Education of an Illustrator
Interview by Logan Kaufman
As a boy growing up in a small town in North Carolina, Clyde Caldwell roamed the red sands of Mars and explored the world at the Earth's core with Edgar Rice Burroughs, and was whisked away to other worlds, alternate dimensions and adventures in the future by Isaac Asimov, Robert A. Heinlein and Arthur C. Clarke.
After several years of working as a commercial illustrator for ad agencies and doing fanzine work in his spare time, he began to get cover assignments from professional fantasy & science fiction publishers.
Over the past 25 years, Clyde has produced hundreds of cover paintings for his chosen field, and is best known for his portrayal of strong, sexy female characters. His work has appeared as book covers for such publishers as Ace, Avon, Popular Library, Warner books, Zebra, Houghton-Mifflin, and Doubleday.
Logan Kaufman: How did you first get into professional illustration?

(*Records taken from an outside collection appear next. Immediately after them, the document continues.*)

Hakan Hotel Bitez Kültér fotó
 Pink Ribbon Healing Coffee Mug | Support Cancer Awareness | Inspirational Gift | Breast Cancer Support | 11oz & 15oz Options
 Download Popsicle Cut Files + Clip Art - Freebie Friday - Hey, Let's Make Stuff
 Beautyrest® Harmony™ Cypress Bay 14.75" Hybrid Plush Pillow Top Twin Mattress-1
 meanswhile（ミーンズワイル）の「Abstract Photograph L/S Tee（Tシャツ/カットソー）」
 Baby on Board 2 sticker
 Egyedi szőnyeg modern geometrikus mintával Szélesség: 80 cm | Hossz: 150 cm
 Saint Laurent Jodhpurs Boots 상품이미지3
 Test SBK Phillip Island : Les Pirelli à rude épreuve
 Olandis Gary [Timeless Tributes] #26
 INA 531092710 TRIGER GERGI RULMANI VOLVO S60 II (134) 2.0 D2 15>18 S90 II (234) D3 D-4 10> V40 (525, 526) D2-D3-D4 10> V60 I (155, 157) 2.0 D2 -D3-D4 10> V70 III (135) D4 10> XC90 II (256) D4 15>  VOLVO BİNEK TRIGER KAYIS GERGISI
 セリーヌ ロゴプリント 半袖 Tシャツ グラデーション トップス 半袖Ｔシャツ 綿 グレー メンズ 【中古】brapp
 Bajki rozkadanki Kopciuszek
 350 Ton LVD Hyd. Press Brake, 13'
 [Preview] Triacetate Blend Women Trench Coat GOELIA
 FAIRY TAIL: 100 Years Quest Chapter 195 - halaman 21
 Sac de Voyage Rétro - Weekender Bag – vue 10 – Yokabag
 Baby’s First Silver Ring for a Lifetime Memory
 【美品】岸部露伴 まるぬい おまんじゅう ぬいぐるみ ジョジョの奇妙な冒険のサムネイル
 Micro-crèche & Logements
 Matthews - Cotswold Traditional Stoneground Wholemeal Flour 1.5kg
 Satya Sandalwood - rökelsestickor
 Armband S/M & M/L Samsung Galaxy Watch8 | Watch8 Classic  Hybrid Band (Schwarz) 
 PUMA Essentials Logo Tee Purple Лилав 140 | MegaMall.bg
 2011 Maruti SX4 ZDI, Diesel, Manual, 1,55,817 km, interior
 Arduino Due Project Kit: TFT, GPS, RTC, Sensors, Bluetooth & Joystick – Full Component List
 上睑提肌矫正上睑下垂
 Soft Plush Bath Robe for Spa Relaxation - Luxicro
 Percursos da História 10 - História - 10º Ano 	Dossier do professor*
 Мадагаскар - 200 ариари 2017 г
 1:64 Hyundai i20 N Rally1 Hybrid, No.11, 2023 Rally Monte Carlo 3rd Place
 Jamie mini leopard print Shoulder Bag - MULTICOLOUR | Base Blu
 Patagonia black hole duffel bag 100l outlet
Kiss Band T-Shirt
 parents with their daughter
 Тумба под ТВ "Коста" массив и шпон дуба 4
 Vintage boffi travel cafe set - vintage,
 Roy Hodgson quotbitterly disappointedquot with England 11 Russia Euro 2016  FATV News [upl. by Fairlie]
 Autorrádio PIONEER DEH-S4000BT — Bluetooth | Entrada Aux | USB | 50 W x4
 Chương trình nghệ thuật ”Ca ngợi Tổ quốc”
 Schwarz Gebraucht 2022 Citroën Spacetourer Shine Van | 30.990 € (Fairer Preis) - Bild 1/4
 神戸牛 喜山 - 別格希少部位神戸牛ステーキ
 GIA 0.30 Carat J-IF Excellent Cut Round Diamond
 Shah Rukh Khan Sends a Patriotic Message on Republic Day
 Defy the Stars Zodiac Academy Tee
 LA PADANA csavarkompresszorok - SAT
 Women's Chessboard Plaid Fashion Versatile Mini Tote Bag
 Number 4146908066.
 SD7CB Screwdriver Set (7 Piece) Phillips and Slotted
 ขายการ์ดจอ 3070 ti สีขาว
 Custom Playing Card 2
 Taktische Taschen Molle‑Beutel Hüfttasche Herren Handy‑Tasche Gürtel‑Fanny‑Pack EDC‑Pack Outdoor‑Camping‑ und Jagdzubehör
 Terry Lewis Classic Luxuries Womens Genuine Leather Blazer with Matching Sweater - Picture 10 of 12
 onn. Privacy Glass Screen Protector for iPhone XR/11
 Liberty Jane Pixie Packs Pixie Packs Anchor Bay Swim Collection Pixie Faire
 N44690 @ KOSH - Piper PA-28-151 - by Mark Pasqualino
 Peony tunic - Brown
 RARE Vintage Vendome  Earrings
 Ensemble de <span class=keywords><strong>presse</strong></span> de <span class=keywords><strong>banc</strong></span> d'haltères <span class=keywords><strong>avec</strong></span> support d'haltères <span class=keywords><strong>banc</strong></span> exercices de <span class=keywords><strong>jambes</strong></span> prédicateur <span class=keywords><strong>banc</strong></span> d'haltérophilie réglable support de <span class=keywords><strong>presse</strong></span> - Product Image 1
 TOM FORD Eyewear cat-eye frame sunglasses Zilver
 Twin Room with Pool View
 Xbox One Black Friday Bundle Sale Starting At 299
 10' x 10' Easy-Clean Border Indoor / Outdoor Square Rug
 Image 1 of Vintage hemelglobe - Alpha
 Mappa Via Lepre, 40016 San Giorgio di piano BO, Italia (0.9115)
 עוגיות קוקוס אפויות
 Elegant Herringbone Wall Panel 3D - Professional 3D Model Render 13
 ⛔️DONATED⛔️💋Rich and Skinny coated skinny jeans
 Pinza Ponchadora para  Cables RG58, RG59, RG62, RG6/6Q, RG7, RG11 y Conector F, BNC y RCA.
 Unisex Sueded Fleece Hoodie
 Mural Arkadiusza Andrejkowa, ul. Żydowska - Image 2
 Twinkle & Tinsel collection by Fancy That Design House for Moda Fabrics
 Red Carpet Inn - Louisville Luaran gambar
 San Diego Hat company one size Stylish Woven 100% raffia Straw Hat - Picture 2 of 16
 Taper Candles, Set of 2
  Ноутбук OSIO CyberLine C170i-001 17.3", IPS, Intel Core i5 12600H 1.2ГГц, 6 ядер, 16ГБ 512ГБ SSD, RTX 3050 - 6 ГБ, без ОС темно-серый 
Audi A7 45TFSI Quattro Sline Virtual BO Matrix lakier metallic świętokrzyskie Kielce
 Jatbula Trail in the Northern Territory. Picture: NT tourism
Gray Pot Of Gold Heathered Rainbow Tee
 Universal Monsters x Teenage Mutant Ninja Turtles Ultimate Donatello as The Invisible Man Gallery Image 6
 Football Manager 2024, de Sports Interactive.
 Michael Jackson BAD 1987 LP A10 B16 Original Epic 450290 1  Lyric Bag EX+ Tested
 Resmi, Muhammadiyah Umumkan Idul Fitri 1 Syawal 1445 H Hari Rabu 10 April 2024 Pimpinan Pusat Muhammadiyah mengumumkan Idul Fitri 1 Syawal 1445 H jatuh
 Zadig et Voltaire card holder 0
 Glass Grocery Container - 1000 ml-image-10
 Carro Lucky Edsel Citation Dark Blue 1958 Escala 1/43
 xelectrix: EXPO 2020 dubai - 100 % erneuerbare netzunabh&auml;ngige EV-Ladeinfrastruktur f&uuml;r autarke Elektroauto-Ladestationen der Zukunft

Clyde Caldwell: Although I majored in Fine Arts in college, I always had been a big fan of science fiction / fantasy literature and comics. When in graduate school working on my MFA degree, I decided I wanted to go into illustration upon graduation, which didn't make me too popular with my stuffy, fine arts professors.
While still in graduate school, I started working for various fanzines. After graduation, I continued doing the fanzine work, while getting my first job as an illustrator in the advertising department of the Charlotte Observer/News newspaper. I moved on to a job in an ad agency, all the while looking to break into the science fiction / fantasy market on a professional level.
I finally got my break by doing some covers and interior illustrations for a small SF anthology magazine published in Boston called Unearth. It only lasted eight issues, but I consider that my foot in the door to the professional Science fiction / fantasy illustration market.
Logan: What had made you think that genre illustration was something you could really make a living at?
Clyde Caldwell: I never really gave it too much thought. I knew local freelance illustrators who were able to make a living, so I figured if I were doing work on a national level, I'd be able to make a living at it. I assumed the people I saw doing science fiction / fantasy cover work on a regular basis were able to do it for a living.
I've got a funny story along those lines, though. I'd been working in the field for a year or so and a fellow from the local library (in Gastonia, NC...my home town) called and asked if I'd put on an exhibit of my work at the library. He was a big Edgar Rice Burroughs fan and was familiar with my fanzine work, as well as my professional work.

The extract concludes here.